Formative Mergers: Rockcote (1960), Minnesota Paints (1970)
Prior to the stock market crash, in 1927 the seed for another important predecessor to the Valspar Corporation was planted. It was in this year that Ralph J. Baudhuin entered the paint business as a salesman. Within a short time, he helped found the Baudhuin-Anderson Company in Rockford, Illinois. In 1932, the same year that Valentine & Company began to operate as a subsidiary of the newly formed Valspar Corporation, Baudhuin-Anderson became Rockford Paint Manufacturing Company. Four years later, after Ralph Baudhuin had gained sole ownership of the Illinois firm, Rockford Paint was renamed Rockcote Paint Company. During the 1950s Rockcote formed two important subsidiaries. The first, Color Corporation of America, was created to license and sell color systems and related equipment to paint manufacturers; the second, Midwest Synthetics, was formed to develop synthetic resins and resin-based varnishes. Like Valspar, Rockcote also grew by steady acquisitions during this period. By 1958, Baudhuin had taken special notice of Valspar; two years later, he succeeded in merging Rockcote with the old-line firm, then headquartered in Ardmore, Pennsylvania, and consolidated headquarters in Rockford.
Under the direction of the Baudhuin brothers, Ralph and F.J., the 1960s represented a heavy period of growth for Valspar. From the time of the merger until the end of the decade, the company averaged almost two acquisitions per year. Among the businesses purchased were Norco Plastics of Milwaukee, McMurtry Manufacturing of Denver, Keystone Paint and Varnish of Brooklyn, and the Trade Sales Division of Mobil Corporation. Fittingly, the company inaugurated the 1970s with even more phenomenal growth, this time through a historic merger. In June 1970, privately held Minnesota Paints, Inc. of Minneapolis, with annual sales of $24 million, merged with Valspar, with annual sales of $27 million; once again, Valspar's headquarters changed, this time to Minneapolis. The deal came at a propitious time, for the old Valspar had suffered a loss of $148,500 while Minnesota Paints had posted a gain of $200,000. Furthermore, Minnesota Paints boasted a strong, cash-heavy financial position to support further acquisitions. In the first fiscal year following the merger, earnings were $226,000 on revenues of $47.6 million. Within two years, Valspar's earnings had grown to $1.53 million and it was again ready to expand. The consecutive acquisitions of Phelan Faust Paint, Speed-O-Lac Chemical, Conchemco's Detroit Chemical Coatings, Elliott Paint and Varnish, and Conchemco's Coatings Division increased initial annual revenues by another $74 million during the decade.

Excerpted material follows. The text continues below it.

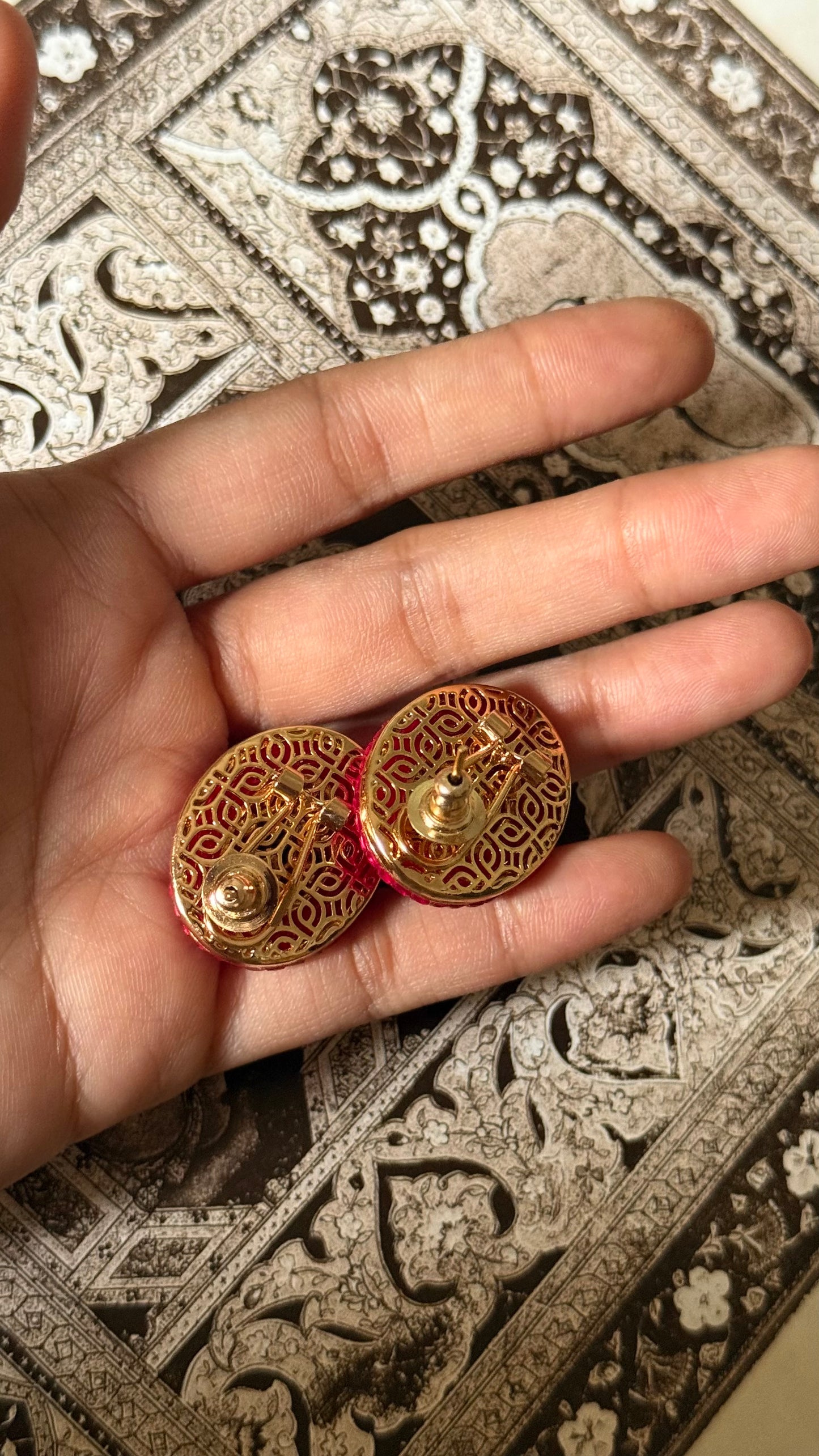 Rani pink & emerald doublet floral studs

1980s and Early 1990s: Acquisitions Continue
Overseeing much of this expansion was C. Angus Wurtele, former president of Minnesota Paints and chairman of Valspar starting in 1973. At the time of Wurtele's succession approximately 60 percent of Valspar's sales came from its consumer business; the remainder came from industrial coatings. This alignment changed dramatically in the 1980s following the $100 million purchase of Mobil's chemical coatings business in 1984. Among those setting the stage for this acquisition, unprecedented both in size and nature, was Mike Meyers, who reported in June 1984 that 'in the last 10 years Valspar's net profits have soared 13-fold, while sales have tripled. However, its formula for prosperity may be about to face a severe test, when Valspar in August is expected to complete the most ambitious acquisition in its history.' For Valspar the test was unusually challenging, but not severe.

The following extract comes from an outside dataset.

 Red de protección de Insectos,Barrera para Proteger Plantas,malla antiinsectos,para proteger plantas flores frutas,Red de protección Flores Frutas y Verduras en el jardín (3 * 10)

In effect, the company more than doubled in size through a bargain purchase: 1983 revenues for Valspar were $161 million while revenues for the Mobil division were around $180 million. Valspar's profit margin, at six percent, had been leading the industry, while Mobil's coatings margin lagged at just three percent. When Wurtele was asked by Meyers why Mobil was willing to sell, he responded that the Mobil division represented 'less than half of 1 percent of the total corporation.' In others words, Mobil, with such a minute investment, could well afford to let the business go and Valspar, with such an established track record in the industry, could ill afford to pass it by. Virtually overnight, the deal elevated Valspar from the tenth to the fifth largest coatings company in North America. In addition, it gave the manufacturer ready access to potentially high-margin markets, including packaging coatings and industrial metal finishes, which it had previously been unable to capitalize on. By 1986, Valspar had successfully integrated the Mobil operations, thereby proving its adeptness at acquiring even the largest paint and chemical plants and instituting means for improving efficiency and profitability. The buy-low, raise-efficiency strategy remained particularly effective for the company, for the tactic tended to postpone costly new construction and allow for a greater investment in research and development.

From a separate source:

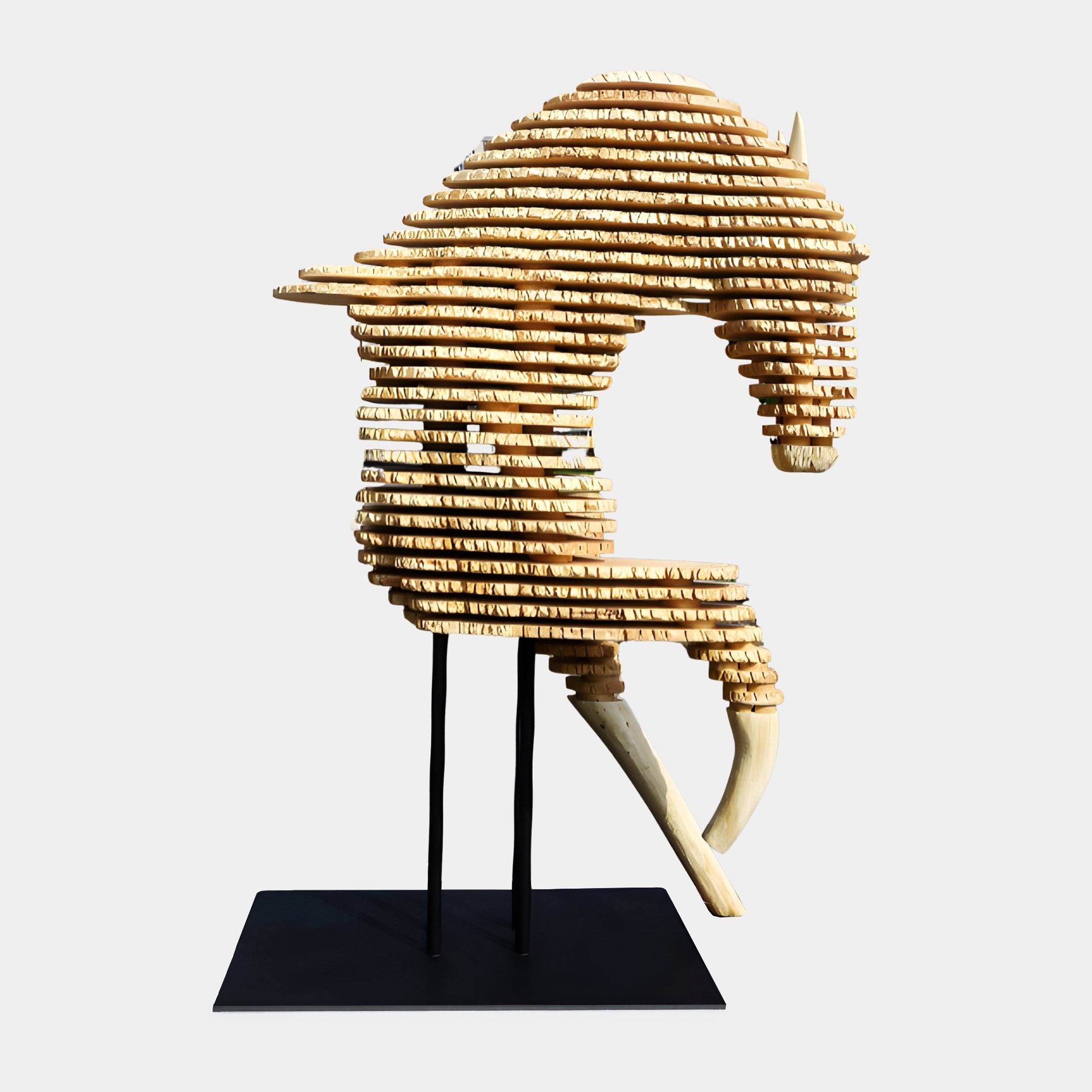 Giant Sculptures Stacked Stallion Abstract Wood Sculpture 190cm, a rearing horse silhouette built from stacked blonde wood discs on a black metal base.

To achieve its standing objective of remaining among the top three participants within any of the markets it sought, Valspar prudently divested itself of plants and businesses in the 1980s and early 1990s. Yet, for much the same reason, Valspar acquisitions still continued apace. In 1987 Enterprise Paint Companies, maker of Enterprise Paint and the Federal floor care line, was purchased for $60 million. In July 1989 the McCloskey Corporation, with $42 million in sales, was acquired. The purchase was especially significant for the growth of Valspar's resin business, conducted through its McWhorter Inc. subsidiary. In October 1990 the company acquired certain assets of DeSoto, Inc., which had combined revenues of approximately $45 million. This purchase strengthened the company's market-leading packaging coatings group, and elevated it to a leader in coil and extrusion coatings for the construction industry.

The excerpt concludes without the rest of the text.